# The Great One dons our apparel!



## phreebsd (Dec 16, 2004)




----------



## 850PoPo (Oct 28, 2009)

Is that Mike Penland


----------



## phreebsd (Dec 16, 2004)

fa sho!


----------



## NMKawierider (Apr 11, 2009)

Right... Nice work Phreebsd


----------



## 850PoPo (Oct 28, 2009)

WE watched him race at Loretta Lynns old man can ride that is for sure


----------



## gpinjason (Nov 10, 2009)

I'm just wondering why he looks like he's scared to get his hand dirty on that rack.......


----------



## bruiser quad (Nov 6, 2009)

gpinjason said:


> I'm just wondering why he looks like he's scared to get his hand dirty on that rack.......


looks like he's picking at the mud...


----------



## 850PoPo (Oct 28, 2009)

lmao...
He isn't afraid of mud that's for sure look at pics of him after one of his races he is covered from head to toe


----------



## gpinjason (Nov 10, 2009)

maybe he doesn't want to get that sweet MIMB shirt dirty... I wouldn't....


----------



## Masher (Jan 16, 2009)

Sweet, he hasn't missed a meal in a while.


----------



## Bootlegger (Dec 18, 2008)

He is a nice guy....


----------



## phreebsd (Dec 16, 2004)

Masher said:


> Sweet, he hasn't missed a meal in a while.

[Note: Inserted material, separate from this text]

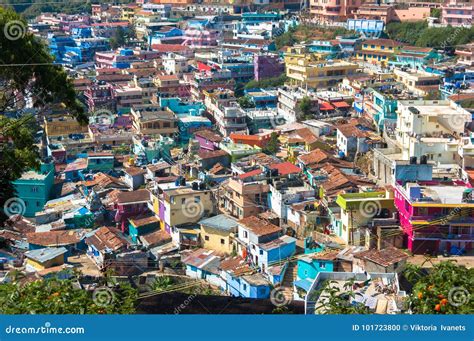 Cidade índia Ooty Coonor Nilgiris Tamil Nadu Telhado Colorido Foto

neither have I man but that's gonna change!
:rockn:


----------



## IBBruin (Feb 10, 2009)

phreebsd said:


> neither have I man but that's gonna change!
> :rockn:


I know this is off topic but the wife is on a low carb diet and has dropped 40 pounds in 3 months. I've been doing it for about two weeks and have lost 10 lbs myself.

Some things you CAN eat and eat almost as much as you want.

Chicken
Steak
Bacon
Sausage
Cheese (any kind)
Pork Rinds
Eggs
Green beans
Sugar free Jello
There is lots more than that but that's off the top of my head.

The theory behind it is you limit your daily carb intake to less than 20 carbs per day. Your body needs more than that to function so it turns to your body fat to find the necessary fuel. All I can say is it works.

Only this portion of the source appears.